Content starts

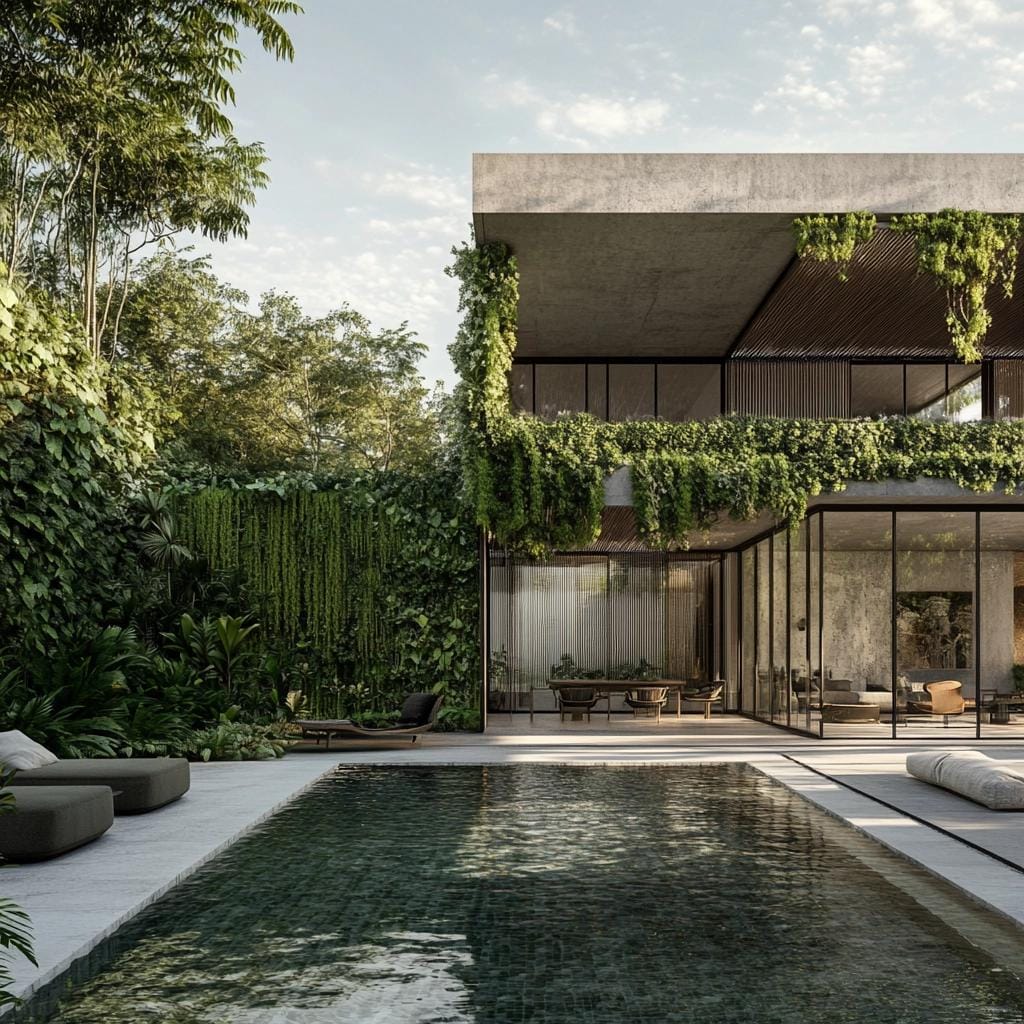 7 Projetos Arquitetônicos que se Destacaram no Archtrends em 2022 https://blog.archtrends.com/projetos-arquitetonicos/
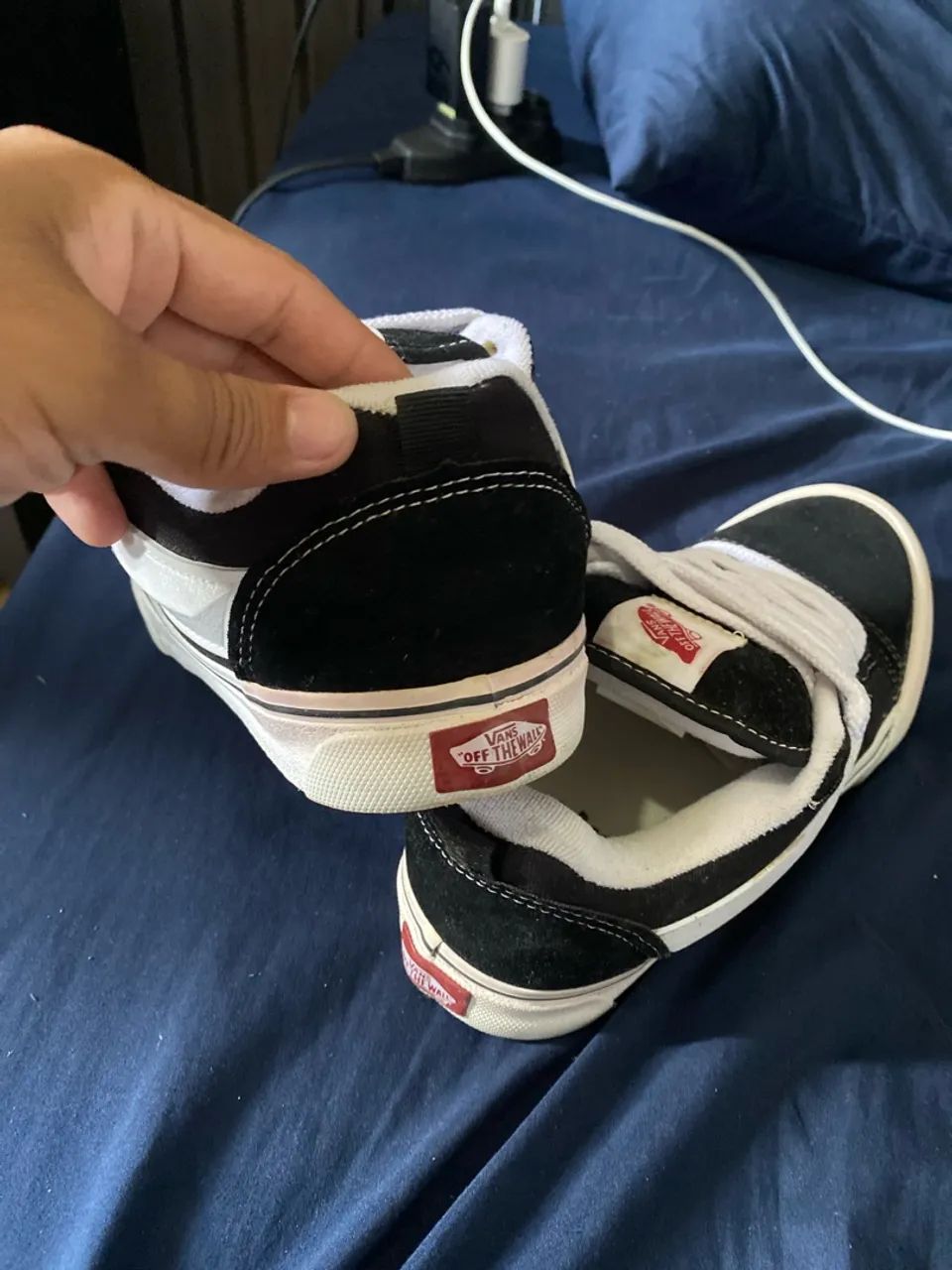 Tênis Vans  - Foto 3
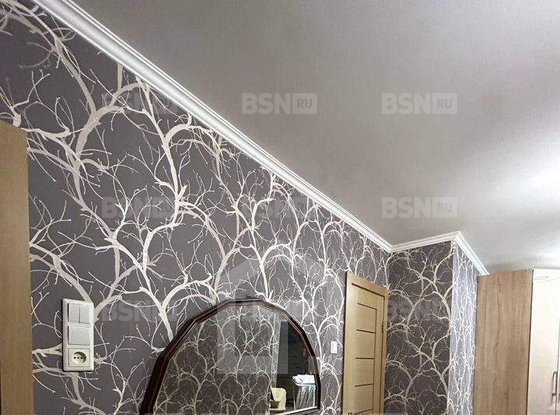 Продажа двухкомнатной квартиры - Варшавская улица, д.63, корп.1 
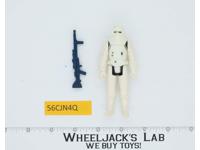 Imperial Stormtrooper Snowtrooper Hoth Star Wars ESB 1980 Kenner Action Figure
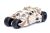 2008 The Dark Knight Batmobile Camo 1/24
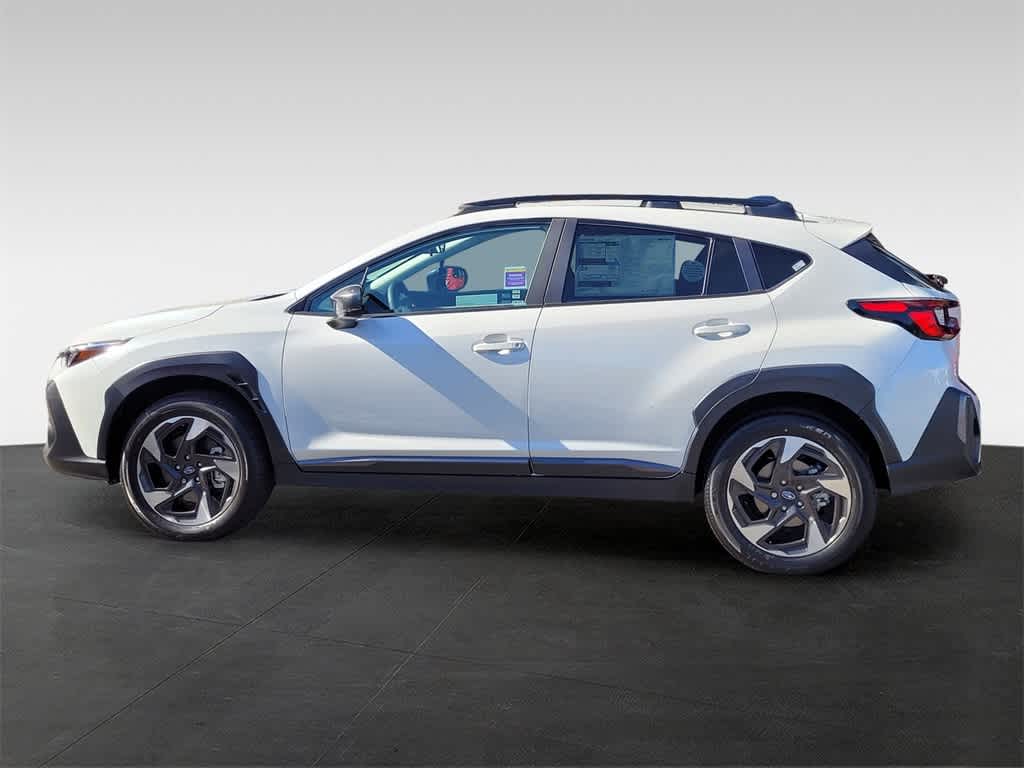 2024 Subaru Crosstrek Limited 4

Content ends

__Description of the task__. Output only these lines, word for word: the line containing "Продажа двухкомнатной квартиры" and every line after it through the last line of the data. Omit the pictures.

__Answer to this task__.
 Продажа двухкомнатной квартиры - Варшавская улица, д.63, корп.1 
 Imperial Stormtrooper Snowtrooper Hoth Star Wars ESB 1980 Kenner Action Figure
 2008 The Dark Knight Batmobile Camo 1/24
 2024 Subaru Crosstrek Limited 4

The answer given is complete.